The pianist Paul Bley died this week, which of course led me to pull out his records — Closer, Barrage, and Mr. Joy in particular — and revisit his playing (and/or his mind; the two were virtually one and the same). The striking thing about Bley, I realized while listening, is that he was a sly interloper in the free jazz world. He obviously had respect for what his colleagues were doing, but smuggled a certain restraint into the scene.
That understated nature would eventually become Bley’s calling card, after he started recording for ECM and, in turn, birthing an entire new sound, but it’s so thrilling to hear him sneak it into his otherwise wild early recordings. The rebel to the rebels, I guess you could say.
I also revisited a discussion between the New York Times’ Ben Ratliff and the jazz guitarist Pat Metheny. They talk not of Bley at large but of a single one of Bley’s early solos, on “All the Things You Are,” from the Coleman Hawkins / Sonny Rollins album Sonny Meets Hawk! “All the Things You Are” is the very definition of a hoary chestnut, right up there with “Body & Soul” or “How High the Moon,” but what Bley does with it is astounding. Sheet music exists. Metheny says to the Times that the solo has an “inevitability”:
“His relationship to time,” Mr. Metheny said, “is the best sort of pushing and pulling; wrestling with it and at the same time, phrase by phrase, making these interesting connections between bass and drums, making it seem like it’s a little bit on top, and then now it’s a little bit behind… But there’s also this X factor,” he continued. “It’s the sense of each thing leading very naturally to the next thing. He’s letting each idea go to its own natural conclusion… It just feels like, ‘Why didn’t anybody else do that before?'”

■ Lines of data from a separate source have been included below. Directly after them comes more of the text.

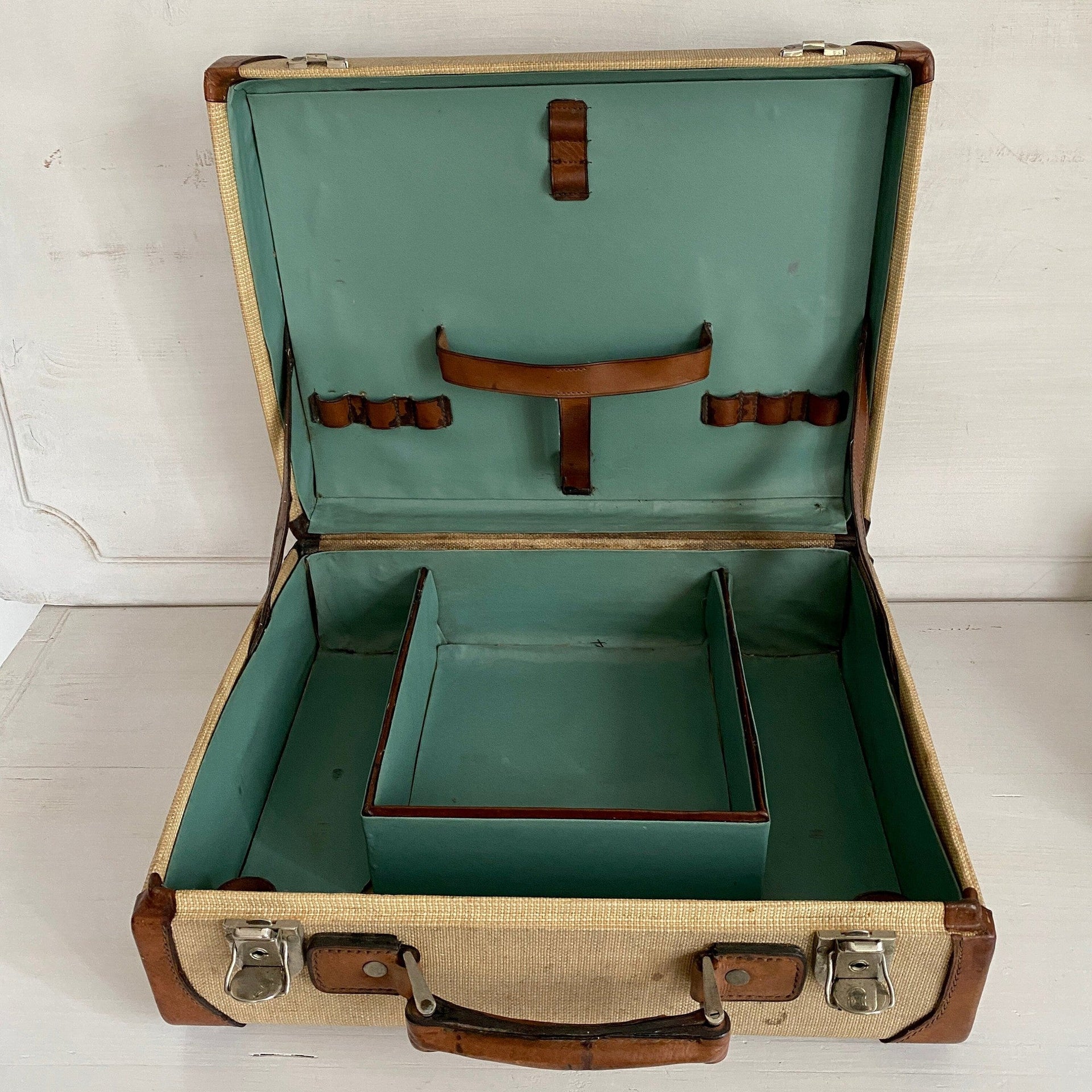 vintage-1950s picnic suitcase in leather and canvas, with accessories for two-Sweet Antik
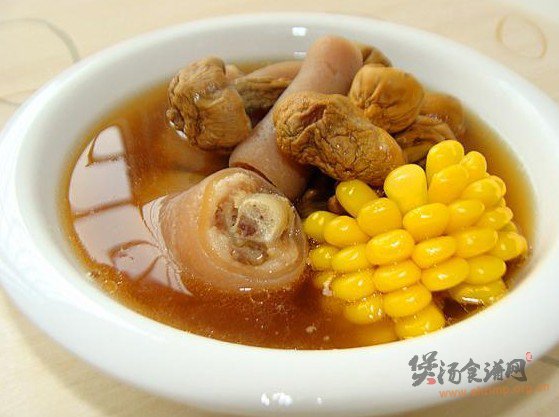 猪尾炖巴西菇的做法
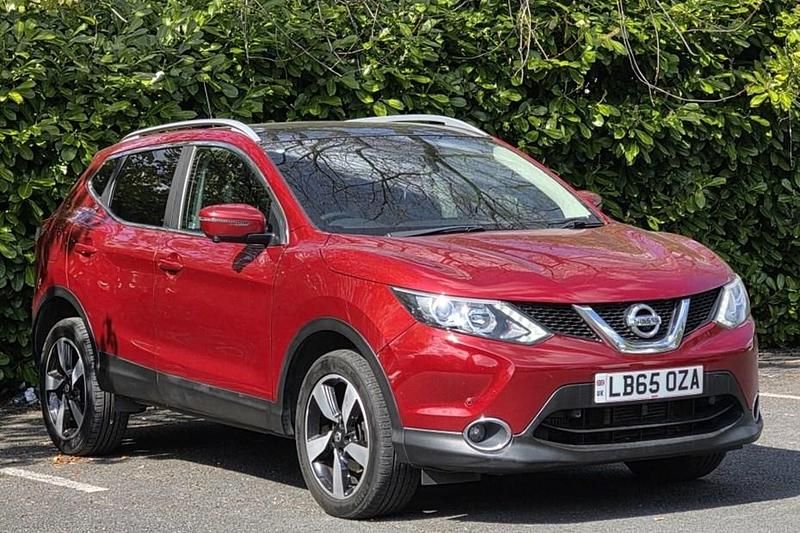 Used Nissan Qashqai N-TEC 115 HP (84 kW) 2016 Red SUV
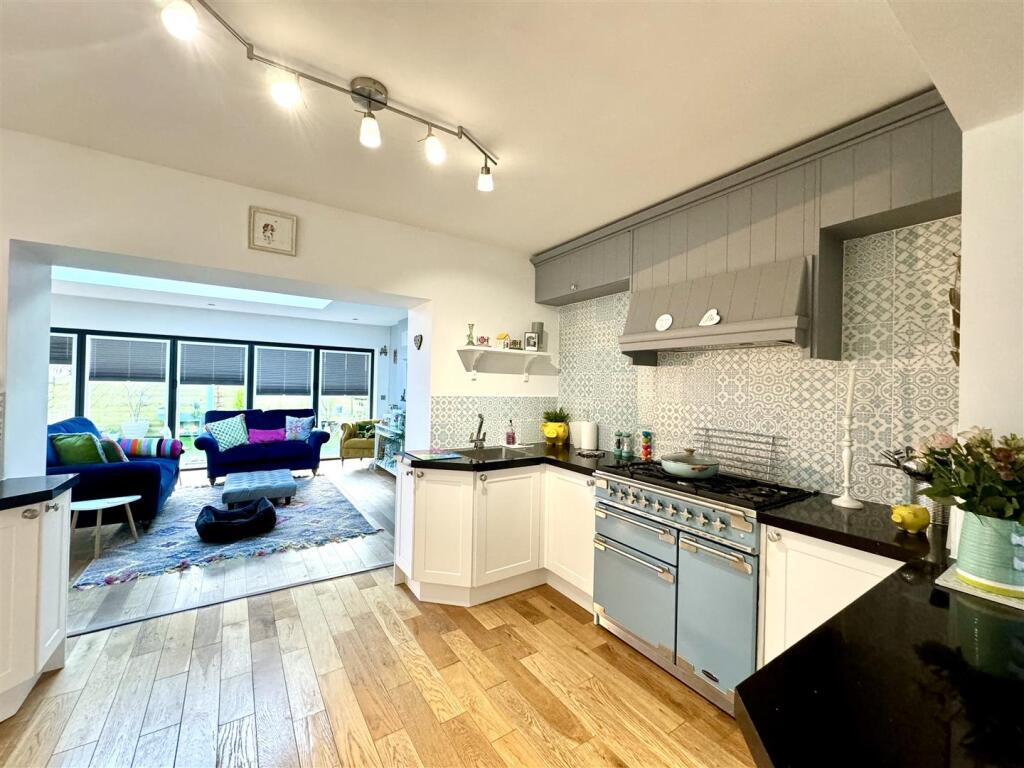 KITCHEN/BREAKFAST AREA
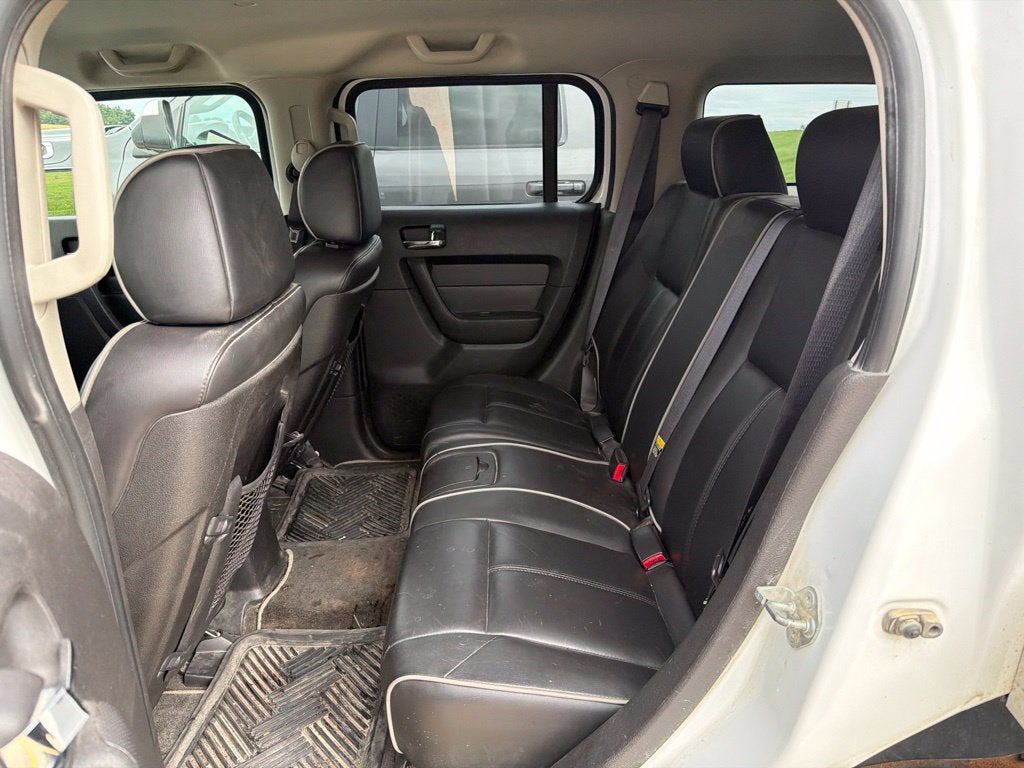 2006 Hummer H3 Base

I was thinking of these ideas when reminded of Eric Harland’s upcoming residency at SFJAZZ, and how the ideas of elasticity and inevitability couldn’t be more apt in describing the master drummer. Harland plays in and around the beat, like a gynmast on a tightrope, and always lands back on his feet. I have waxed both rhapsodic and ridiculous about Harland before, but suffice it to say: the man is the most thrilling drummer in jazz right now.